In 1947, a 4-1-4 court ruled in State of Louisiana ex rel. Francis v. Resweber that a failed execution attempt, during which the state's electric chair malfunctioned, didn't automatically make a second attempt cruel and unusual punishment. But, Smith argues, the case was decided by former Justice Felix Frankfurter on the basis that the Eighth Amendment didn't apply to states.

Justice Frankfurter, however, wrote in his concurring opinion that his conclusion did not mean "that a hypothetical situation, which assumes a series of abortive attempts at electrocution or even a single, cruelly willful attempt, would not raise different questions."

"Seventy-seven years after Resweber was decided, this case now presents the precise hypothetical situation envisioned by Justice Frankfurter: A state insisting on another execution attempt — this time by a novel method never before used by any state or the federal government — after having already subjected Mr. Smith to cruelty and superadded pain during a previous, failed attempt at lethal injection," Smith said.

The case would also allow the justices to clarify what a "lingering death" means in the context of aborted executions, a phrase first used in the court's 1890 decision in In re: Kemmler , which held that methods of execution that caused instantaneous and painless death were humane and usable.

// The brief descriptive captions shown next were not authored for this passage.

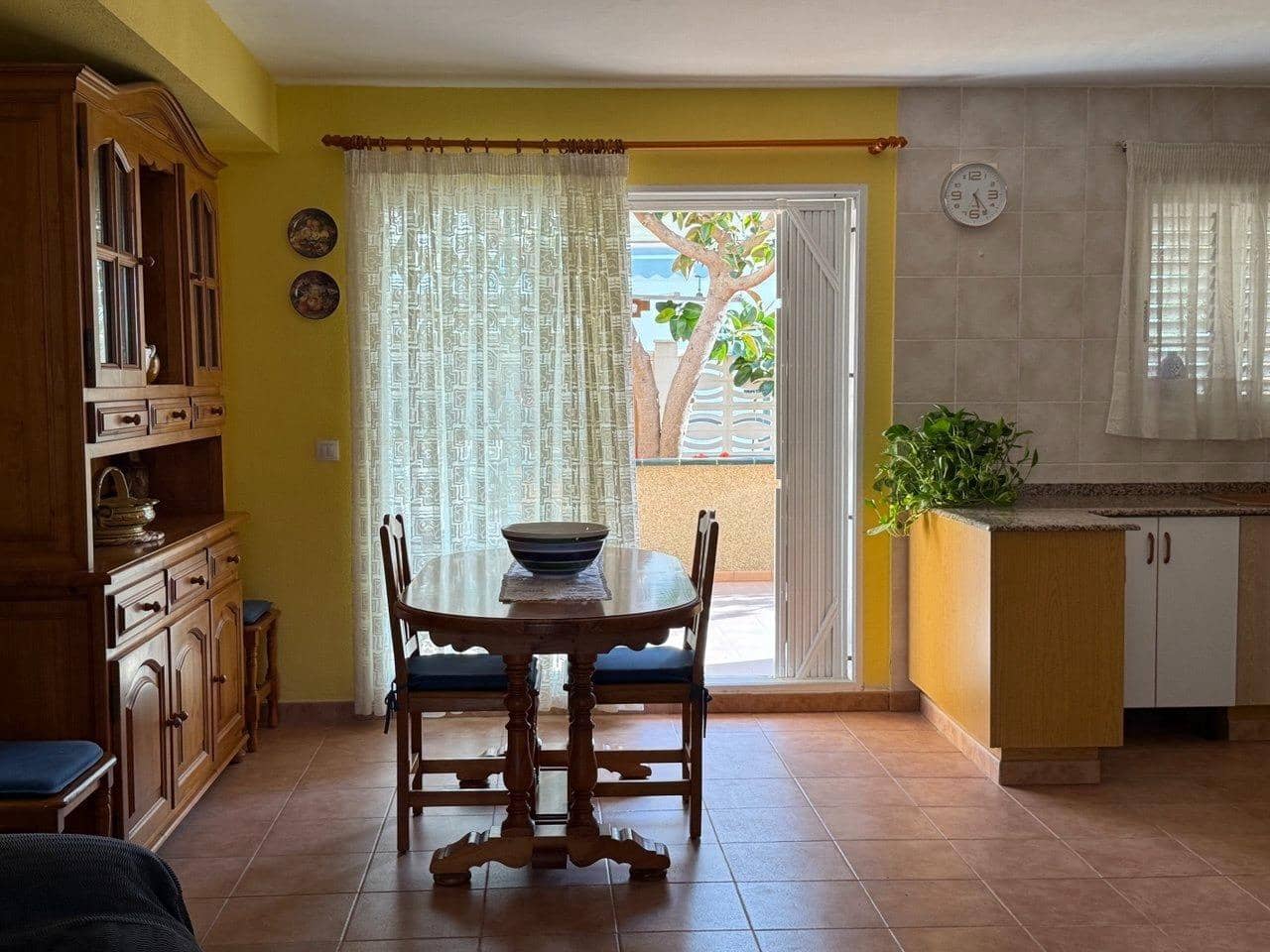4 soveværelse Villa til salg i Almarda med garage - € 335.000 (Ref: 9822947)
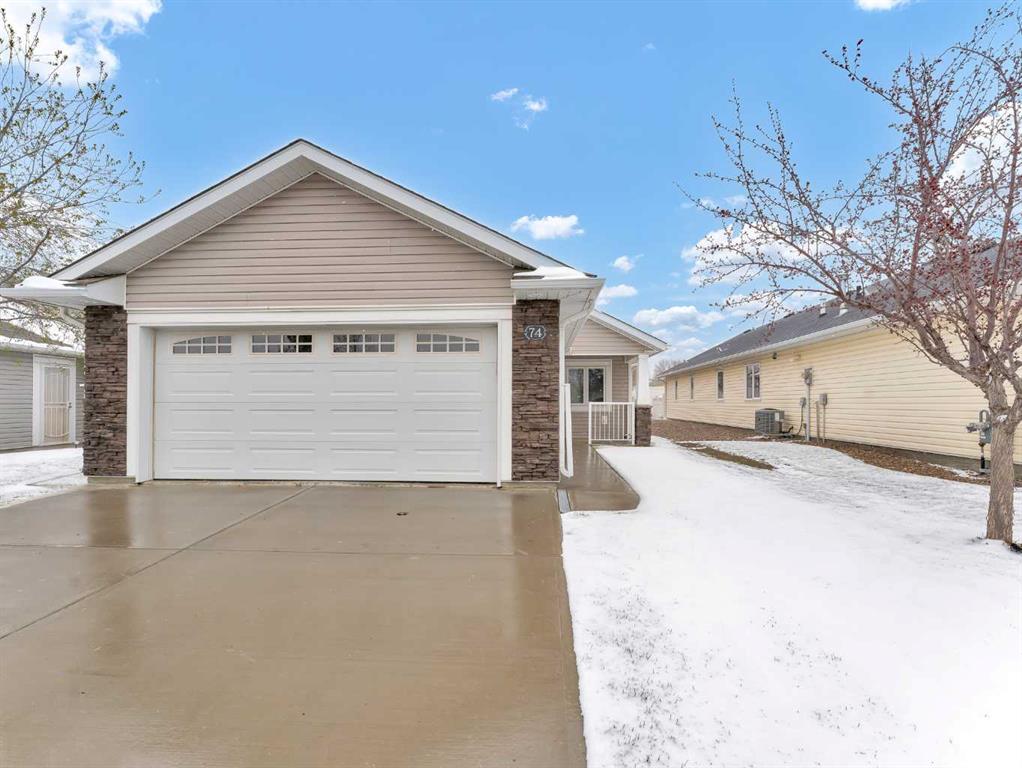 Picture for 74 Chartwell Place SE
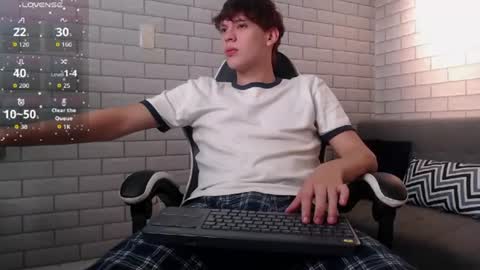 Snapshot of nicola_hard chatting on August 2026 02:02:02 AM Nicola online show from August 2026 02:02:02 AM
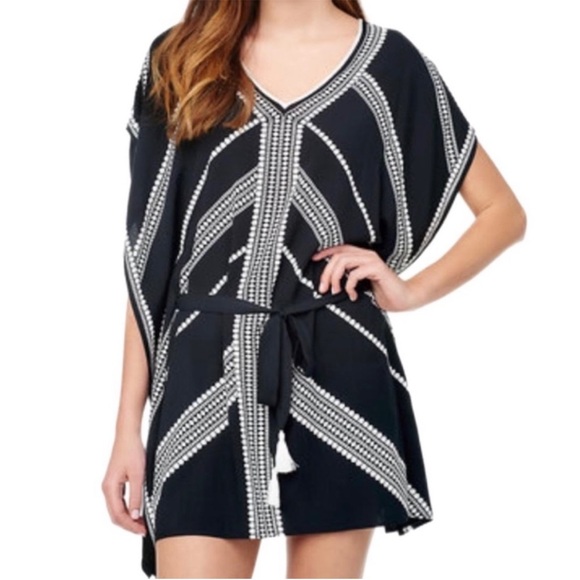 Stella and Dot Beach coverup with belt, medium - Picture 1 of 5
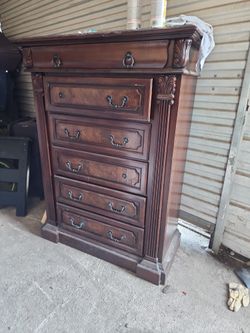 Mumble De Madera 5 Cajones . Necesita Retoque Pero Continua Bueno De Madera Tiene Scratches Y Le Falta 2 Agarraderas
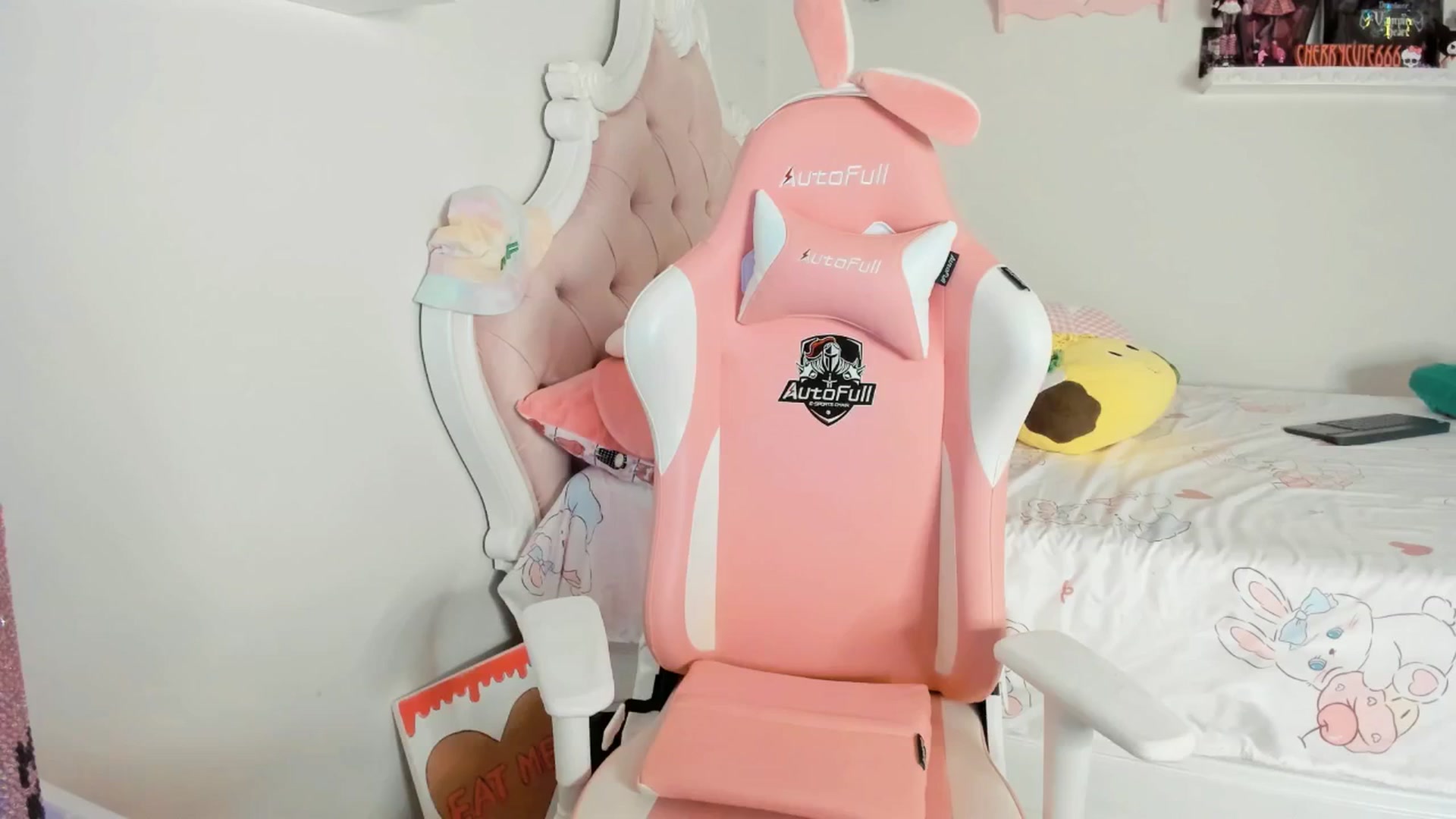 Gallery image thumbnail from Cherrycute666's myfreecams stream on, 06/29/2025, 05:59 image 11 of 20
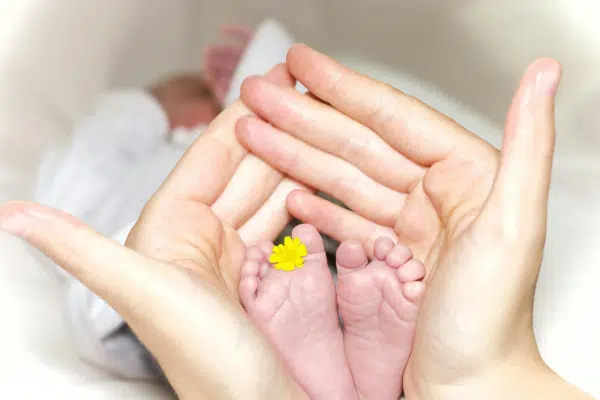 Immortalisez les premiers moments de votre bébé avec un livre photo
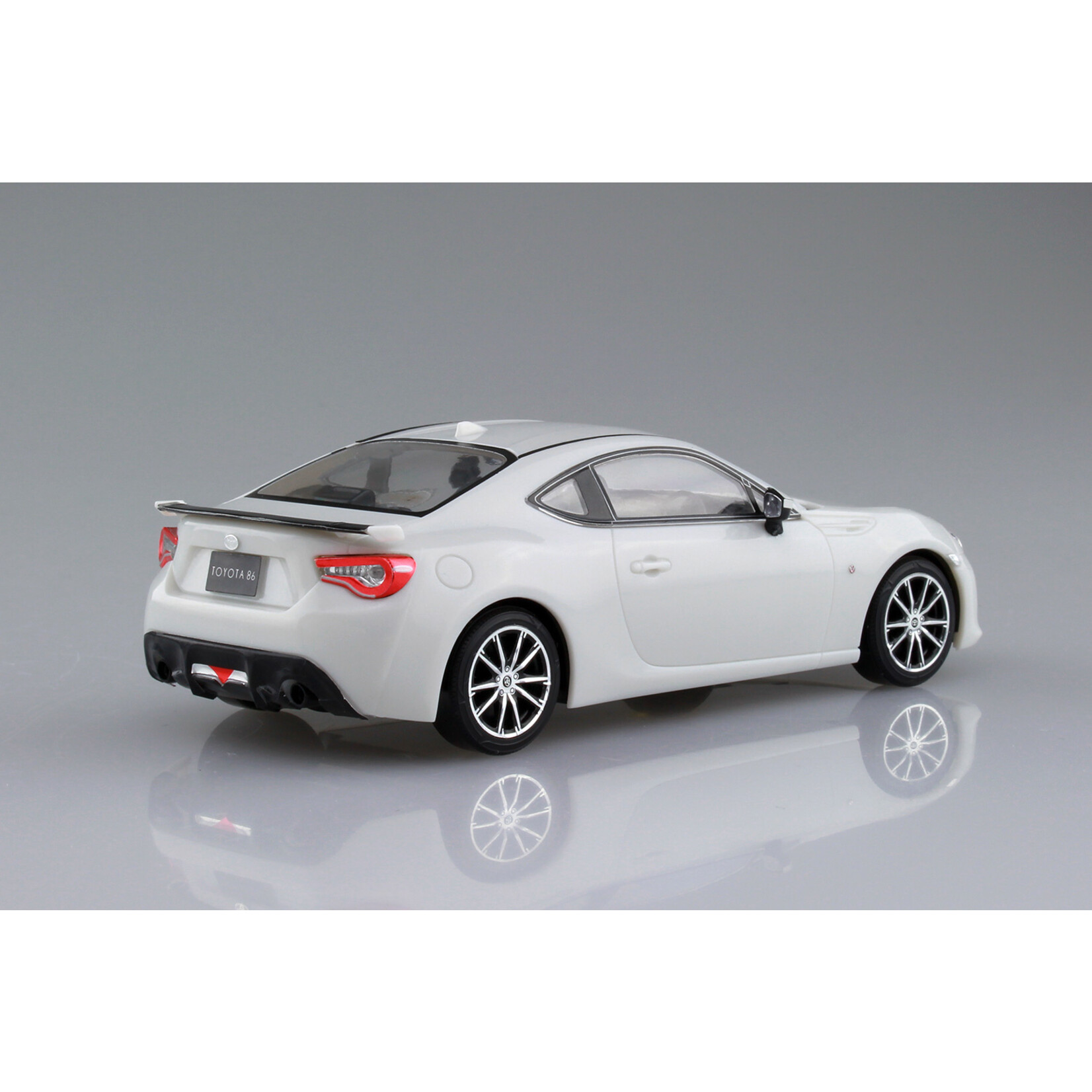 Aoshima 05418 - 1/32 Toyota 86 - Crystal White Pearl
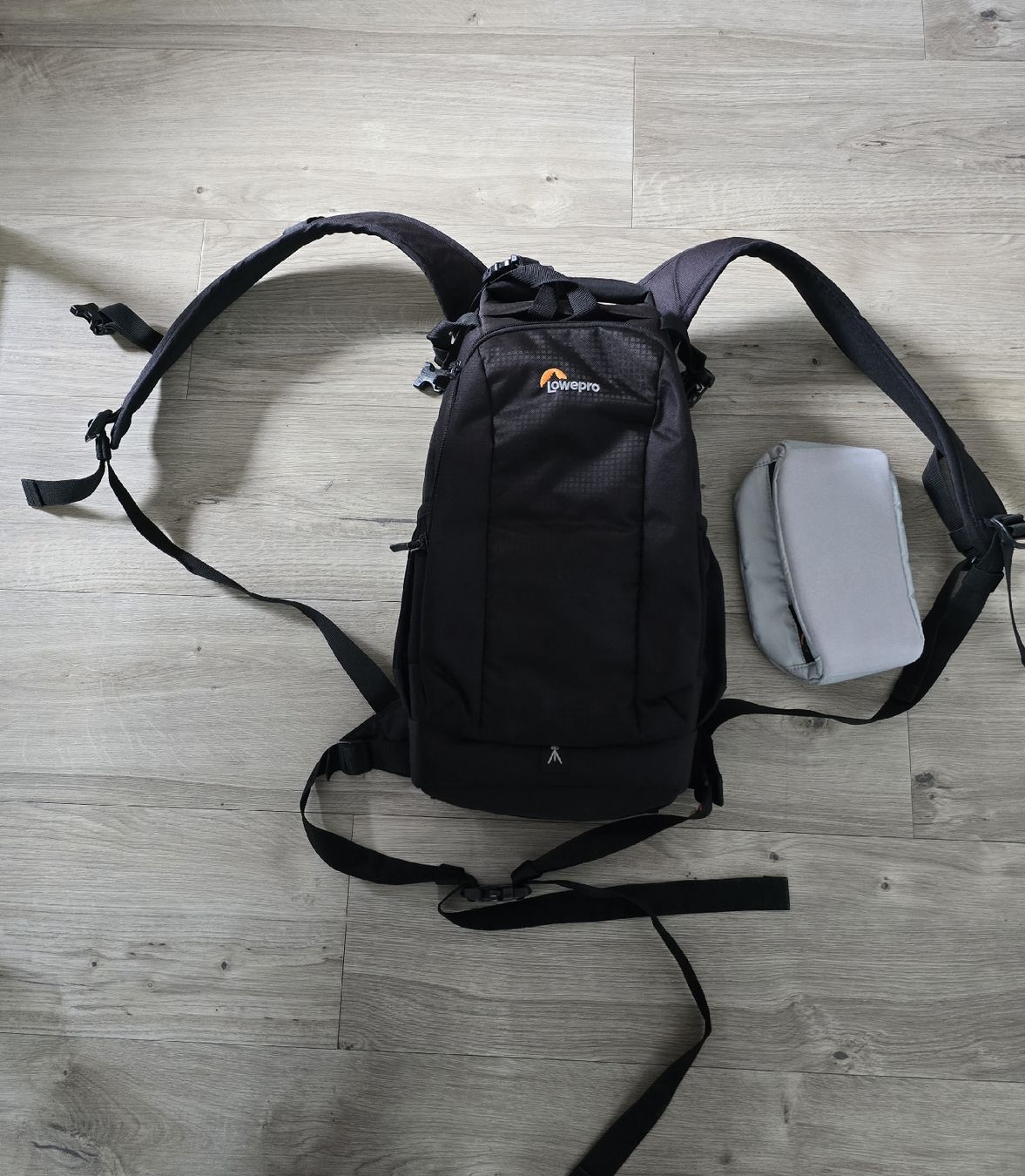 Lowepro Zaini: Flipside 200 AW II Fotorucksack – Usato da Heimberg venduto da Bidu03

Smith, who was convicted of capital murder and sentenced to death in 1996, was originally set to die in November 2022. Alabama Department of Corrections officials spent almost two hours attempting to insert an IV to administer the lethal injection, but they failed. According to court documents, the procedure should take up to six minutes, or 30 minutes in extreme cases.

For nearly two hours, Smith claims he was jabbed repeatedly with needles and ignored when he complained that the needles were penetrating his muscles and causing severe pain. Officials also tried to insert the IV through his neck at one point, but ultimately couldn't, he said.

Smith filed a petition for post-conviction relief in Alabama state court in May 2023, accusing the Department of Corrections of causing him severe physical and psychological pain, including post-traumatic stress disorder, in relation to his botched execution.

He argued that officials knew but did nothing to correct the difficulties with inserting IVs for lethal injections, claiming similar issues had arisen during the executions of two other inmates in the months leading up to Smith's execution attempt.

Joe Nathan James Jr. was executed in July 2022, but only after corrections officials took more than three hours to insert the IV and administer the lethal injection. His family has sued Alabama Gov. Kay Ivey, Attorney General Steve Marshall and the Alabama Department of Corrections Commissioner John Q. Hamm, among others, for violating James' Eighth and 14th Amendment rights.

Alan Eugene Miller was set to die in September 2022, but his execution was halted after officials spent 90 minutes trying to insert his IV.

"That string of failures — resulting in needless physical and emotional suffering — demonstrates the need for guidance on the meaning of a 'lingering death;' without it, there is no outer limit on a state's ability to engage in protracted executions or even, as is the case here, an execution by installments over the course of more than one year," Smith argues.

But an Alabama trial court dismissed his petition roughly five hours after he filed it, and the Alabama Court of Criminal Appeals affirmed the dismissal in December. The Alabama Supreme Court refused to review the case.

Counsel for Smith didn't immediately respond to requests for comment Friday. Representatives for Alabama could not be reached for comment.

Smith is represented by Robert M. Grass, Jeffrey H. Horowitz, David Kerschner, Ashley Burkett, Angelique A. Ciliberti and Lindsey Staubach of Arnold & Porter Kaye Scholer LLP, and Andrew B. Johnson of Bradley Arant Boult Cummings LLP.

Counsel information for Alabama couldn't be determined.

The case is Smith v. Alabama, case number 23-6517, before the Supreme Court of the United States.